YOUR OBJECTIVE:
Please return all of the records that follow, exactly as written.

Short web captions:

________________________________________

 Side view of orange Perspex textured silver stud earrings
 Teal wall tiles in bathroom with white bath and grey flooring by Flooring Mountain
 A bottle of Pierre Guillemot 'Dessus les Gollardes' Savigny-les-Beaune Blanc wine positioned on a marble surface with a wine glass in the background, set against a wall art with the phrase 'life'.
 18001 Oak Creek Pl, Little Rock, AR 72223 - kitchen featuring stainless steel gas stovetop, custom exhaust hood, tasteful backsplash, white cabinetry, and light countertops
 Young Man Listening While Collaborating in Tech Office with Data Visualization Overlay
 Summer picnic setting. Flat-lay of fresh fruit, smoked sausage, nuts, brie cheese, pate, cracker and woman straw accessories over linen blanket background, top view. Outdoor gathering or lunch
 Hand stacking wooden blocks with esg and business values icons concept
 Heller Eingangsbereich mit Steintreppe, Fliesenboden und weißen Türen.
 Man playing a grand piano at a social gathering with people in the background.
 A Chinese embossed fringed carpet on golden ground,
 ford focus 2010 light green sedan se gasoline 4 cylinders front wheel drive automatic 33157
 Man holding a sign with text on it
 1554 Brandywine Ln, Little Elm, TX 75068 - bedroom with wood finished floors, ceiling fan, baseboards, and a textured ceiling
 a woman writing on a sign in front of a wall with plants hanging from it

________________________________________

FINISHED EXERCISE:
 Side view of orange Perspex textured silver stud earrings
 Teal wall tiles in bathroom with white bath and grey flooring by Flooring Mountain
 A bottle of Pierre Guillemot 'Dessus les Gollardes' Savigny-les-Beaune Blanc wine positioned on a marble surface with a wine glass in the background, set against a wall art with the phrase 'life'.
 18001 Oak Creek Pl, Little Rock, AR 72223 - kitchen featuring stainless steel gas stovetop, custom exhaust hood, tasteful backsplash, white cabinetry, and light countertops
 Young Man Listening While Collaborating in Tech Office with Data Visualization Overlay
 Summer picnic setting. Flat-lay of fresh fruit, smoked sausage, nuts, brie cheese, pate, cracker and woman straw accessories over linen blanket background, top view. Outdoor gathering or lunch
 Hand stacking wooden blocks with esg and business values icons concept
 Heller Eingangsbereich mit Steintreppe, Fliesenboden und weißen Türen.
 Man playing a grand piano at a social gathering with people in the background.
 A Chinese embossed fringed carpet on golden ground,
 ford focus 2010 light green sedan se gasoline 4 cylinders front wheel drive automatic 33157
 Man holding a sign with text on it
 1554 Brandywine Ln, Little Elm, TX 75068 - bedroom with wood finished floors, ceiling fan, baseboards, and a textured ceiling
 a woman writing on a sign in front of a wall with plants hanging from it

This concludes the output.